AllocDB Storage and Recovery
Scope
This document defines the v1 WAL, snapshot, and crash-recovery model.
WAL
The current implementation uses one append-only WAL file.
Segmented WAL retention remains a plausible future refinement, but v1 now achieves safe checkpoint coordination by rewriting the retained WAL prefix through a temp-file and rename path.
Each frame includes:
magic
version
lsn
request_slot
record_type
payload_len
checksum
payload
Required properties:
- fixed upper bound on payload size
- manual binary encoding with explicit endianness
- CRC32C on each frame
- classify WAL recovery stop reasons as
clean_eof,torn_tail, orcorruption - auto-truncate only incomplete EOF torn tails
- fail closed on middle-of-log corruption
- fail closed on semantically invalid replay ordering such as non-monotonic
lsnor rewoundrequest_slot - no
serdeor format whose layout is implicit
Current implementation anchor:
crates/allocdb-core/src/command_codec.rscrates/allocdb-core/src/wal.rscrates/allocdb-core/src/wal_file.rs
The current code covers frame encoding, decoding, checksum validation, and in-memory recovery
scanning up to the last valid frame boundary, explicit command-payload encoding for client and
internal commands, file-backed append, sync, recovery scan, truncate-to-valid-prefix behavior for
one WAL file, and safe WAL rewrite during checkpoint retention. Recovery distinguishes a
crash-torn tail from durable-log corruption: only torn tails are truncated automatically. Replay
also rejects checksum-valid WAL input whose frame metadata moves lsn backwards or rewinds
request_slot.
Snapshots
Snapshots are point-in-time images of the applied state at a specific snapshot_lsn.
The snapshot contains:
- resource table
- reservation table
- operation dedupe table
- expiration index state
- last applied LSN
Write snapshots by:
- serializing to a temporary file
- fsyncing the file
- renaming atomically
- fsyncing the directory if required by the platform
Current implementation anchor:
crates/allocdb-core/src/snapshot.rscrates/allocdb-core/src/snapshot_file.rs
The current code covers snapshot encode, decode, allocator-state capture, and allocator restore from one decoded snapshot, plus file-backed snapshot write and load with temp-file and rename discipline. Restore validates configured table capacities, duplicate IDs, wheel bounds, replay watermark consistency, and trusted-core resource/reservation invariants before admitting decoded contents into live state.
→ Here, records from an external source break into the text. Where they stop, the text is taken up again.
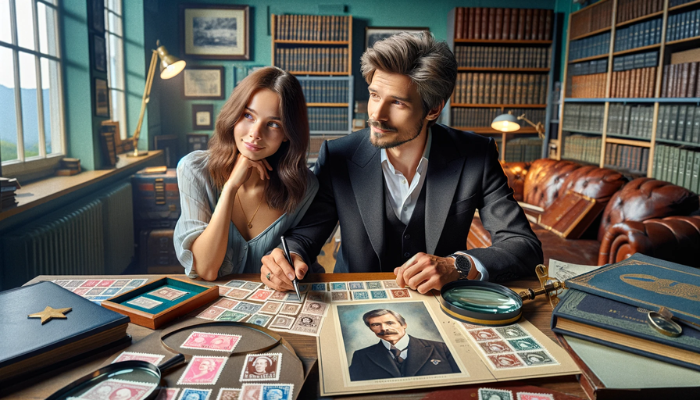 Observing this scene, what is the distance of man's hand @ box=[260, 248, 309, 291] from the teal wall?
4918mm

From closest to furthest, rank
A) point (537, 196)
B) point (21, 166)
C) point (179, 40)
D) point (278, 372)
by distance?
1. point (278, 372)
2. point (21, 166)
3. point (537, 196)
4. point (179, 40)

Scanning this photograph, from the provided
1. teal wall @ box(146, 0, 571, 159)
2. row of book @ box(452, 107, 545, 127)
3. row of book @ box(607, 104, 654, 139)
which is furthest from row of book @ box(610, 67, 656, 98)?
teal wall @ box(146, 0, 571, 159)

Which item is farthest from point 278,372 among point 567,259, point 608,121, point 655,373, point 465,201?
point 608,121

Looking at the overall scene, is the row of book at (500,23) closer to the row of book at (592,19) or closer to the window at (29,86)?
the row of book at (592,19)

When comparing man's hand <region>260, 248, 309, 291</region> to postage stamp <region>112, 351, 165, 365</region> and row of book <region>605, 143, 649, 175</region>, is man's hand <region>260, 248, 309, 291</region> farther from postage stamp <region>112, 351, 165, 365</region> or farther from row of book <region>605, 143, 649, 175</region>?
row of book <region>605, 143, 649, 175</region>

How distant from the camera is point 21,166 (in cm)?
263

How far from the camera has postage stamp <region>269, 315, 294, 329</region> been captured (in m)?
0.87

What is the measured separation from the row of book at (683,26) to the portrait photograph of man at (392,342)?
12.5 ft

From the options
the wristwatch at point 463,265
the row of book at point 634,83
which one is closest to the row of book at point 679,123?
the row of book at point 634,83

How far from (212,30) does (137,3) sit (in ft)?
3.66

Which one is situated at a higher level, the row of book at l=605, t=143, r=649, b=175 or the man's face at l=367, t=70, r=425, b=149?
the man's face at l=367, t=70, r=425, b=149

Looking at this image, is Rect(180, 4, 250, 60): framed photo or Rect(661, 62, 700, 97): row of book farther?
Rect(180, 4, 250, 60): framed photo

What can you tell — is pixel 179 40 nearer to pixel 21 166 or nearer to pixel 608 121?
pixel 21 166

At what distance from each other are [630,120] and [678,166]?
82 centimetres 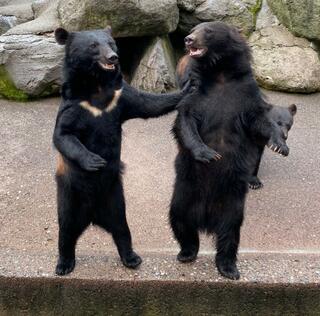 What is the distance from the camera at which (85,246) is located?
502 centimetres

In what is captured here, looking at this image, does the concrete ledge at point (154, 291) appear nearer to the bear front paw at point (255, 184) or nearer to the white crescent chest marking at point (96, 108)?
the white crescent chest marking at point (96, 108)

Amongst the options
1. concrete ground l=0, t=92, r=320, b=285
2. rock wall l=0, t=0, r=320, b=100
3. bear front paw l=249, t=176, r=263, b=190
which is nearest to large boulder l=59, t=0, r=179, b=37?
rock wall l=0, t=0, r=320, b=100

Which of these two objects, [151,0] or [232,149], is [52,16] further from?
[232,149]

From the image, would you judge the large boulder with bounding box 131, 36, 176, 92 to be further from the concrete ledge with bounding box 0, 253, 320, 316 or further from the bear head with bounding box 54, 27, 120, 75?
the bear head with bounding box 54, 27, 120, 75

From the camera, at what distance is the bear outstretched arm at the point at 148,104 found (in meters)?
3.83

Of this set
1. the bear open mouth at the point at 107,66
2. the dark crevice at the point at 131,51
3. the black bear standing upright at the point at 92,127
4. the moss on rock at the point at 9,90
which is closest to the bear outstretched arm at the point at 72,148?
the black bear standing upright at the point at 92,127

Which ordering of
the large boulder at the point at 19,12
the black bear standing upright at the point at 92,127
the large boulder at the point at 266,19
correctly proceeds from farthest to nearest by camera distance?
the large boulder at the point at 19,12
the large boulder at the point at 266,19
the black bear standing upright at the point at 92,127

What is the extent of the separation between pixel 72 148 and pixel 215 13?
223 inches

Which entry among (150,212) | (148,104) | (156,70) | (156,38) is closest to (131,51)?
(156,38)

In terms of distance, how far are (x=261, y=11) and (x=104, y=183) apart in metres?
5.94

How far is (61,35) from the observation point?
375 cm

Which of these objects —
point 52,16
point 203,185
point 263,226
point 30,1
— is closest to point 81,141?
point 203,185

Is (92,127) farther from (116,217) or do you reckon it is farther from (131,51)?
(131,51)

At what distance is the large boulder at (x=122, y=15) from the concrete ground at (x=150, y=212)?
4.02 ft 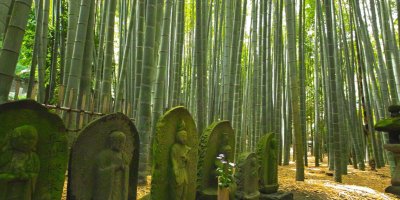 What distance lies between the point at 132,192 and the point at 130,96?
342 centimetres

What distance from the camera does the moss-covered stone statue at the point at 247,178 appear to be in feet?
11.3

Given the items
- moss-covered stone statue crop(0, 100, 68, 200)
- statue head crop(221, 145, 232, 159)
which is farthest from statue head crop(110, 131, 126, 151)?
statue head crop(221, 145, 232, 159)

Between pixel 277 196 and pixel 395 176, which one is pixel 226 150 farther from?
pixel 395 176

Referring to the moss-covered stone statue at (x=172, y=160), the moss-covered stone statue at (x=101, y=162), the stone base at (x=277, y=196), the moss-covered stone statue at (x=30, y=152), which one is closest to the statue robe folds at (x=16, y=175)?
the moss-covered stone statue at (x=30, y=152)

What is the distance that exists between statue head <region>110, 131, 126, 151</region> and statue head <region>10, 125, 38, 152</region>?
0.55 metres

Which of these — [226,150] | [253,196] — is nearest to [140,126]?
A: [226,150]

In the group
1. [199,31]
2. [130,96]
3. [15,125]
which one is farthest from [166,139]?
[130,96]

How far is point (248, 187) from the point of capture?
352cm

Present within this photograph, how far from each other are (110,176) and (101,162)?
12cm

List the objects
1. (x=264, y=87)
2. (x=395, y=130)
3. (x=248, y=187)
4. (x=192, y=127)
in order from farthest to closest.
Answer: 1. (x=264, y=87)
2. (x=395, y=130)
3. (x=248, y=187)
4. (x=192, y=127)

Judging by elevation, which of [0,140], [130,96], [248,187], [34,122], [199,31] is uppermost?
[199,31]

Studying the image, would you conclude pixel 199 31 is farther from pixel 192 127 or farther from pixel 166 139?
pixel 166 139

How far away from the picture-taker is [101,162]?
223 centimetres

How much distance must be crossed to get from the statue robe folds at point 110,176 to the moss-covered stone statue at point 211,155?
1054 millimetres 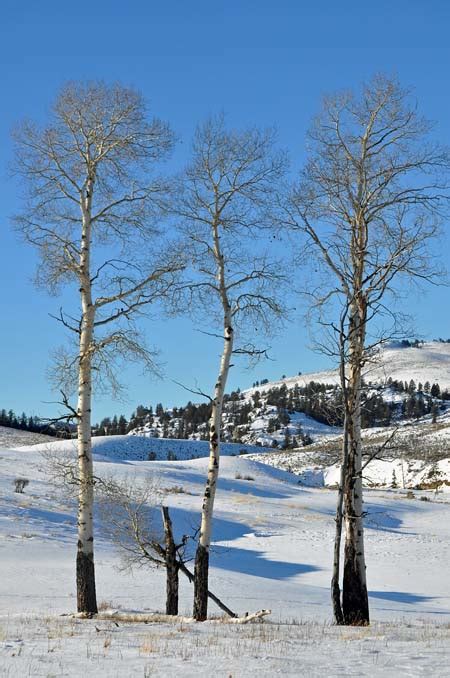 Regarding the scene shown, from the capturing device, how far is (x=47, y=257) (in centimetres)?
1355

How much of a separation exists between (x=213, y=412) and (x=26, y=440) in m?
82.8

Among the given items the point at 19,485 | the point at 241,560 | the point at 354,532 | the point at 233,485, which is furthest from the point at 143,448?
the point at 354,532

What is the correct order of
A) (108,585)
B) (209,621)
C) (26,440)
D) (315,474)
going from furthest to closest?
(315,474)
(26,440)
(108,585)
(209,621)

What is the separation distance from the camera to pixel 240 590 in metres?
20.5

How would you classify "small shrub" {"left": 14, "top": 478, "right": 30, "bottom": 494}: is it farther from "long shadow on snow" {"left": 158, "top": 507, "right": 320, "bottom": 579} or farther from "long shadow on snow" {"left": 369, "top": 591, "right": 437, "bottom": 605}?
"long shadow on snow" {"left": 369, "top": 591, "right": 437, "bottom": 605}

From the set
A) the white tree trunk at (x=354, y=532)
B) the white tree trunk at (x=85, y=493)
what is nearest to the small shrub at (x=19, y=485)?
the white tree trunk at (x=85, y=493)

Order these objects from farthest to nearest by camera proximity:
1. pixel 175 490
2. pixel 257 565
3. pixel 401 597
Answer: pixel 175 490, pixel 257 565, pixel 401 597

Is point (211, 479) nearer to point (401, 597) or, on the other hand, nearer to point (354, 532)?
point (354, 532)

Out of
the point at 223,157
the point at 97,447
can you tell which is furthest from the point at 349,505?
the point at 97,447

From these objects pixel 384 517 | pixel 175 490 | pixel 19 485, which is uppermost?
pixel 19 485

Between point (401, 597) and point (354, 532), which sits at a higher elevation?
point (354, 532)

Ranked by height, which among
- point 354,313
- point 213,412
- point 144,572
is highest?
point 354,313

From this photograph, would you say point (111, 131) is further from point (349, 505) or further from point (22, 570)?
point (22, 570)

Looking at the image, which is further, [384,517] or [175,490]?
[175,490]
Recovery implementation anchors:
crates/allocdb-core/src/recovery.rs
Recovery
Recovery is:
- load the latest valid snapshot
- scan later WAL frames in LSN order
- verify checksums
- replay frames into a fresh state machine
- rebuild transient scheduler state from persisted state
- resume accepting traffic
If a WAL tail is torn after crash, recovery truncates at the last valid frame boundary.
If recovery detects a checksum or framing error before EOF, the node fails closed and surfaces the corruption instead of rewriting the WAL.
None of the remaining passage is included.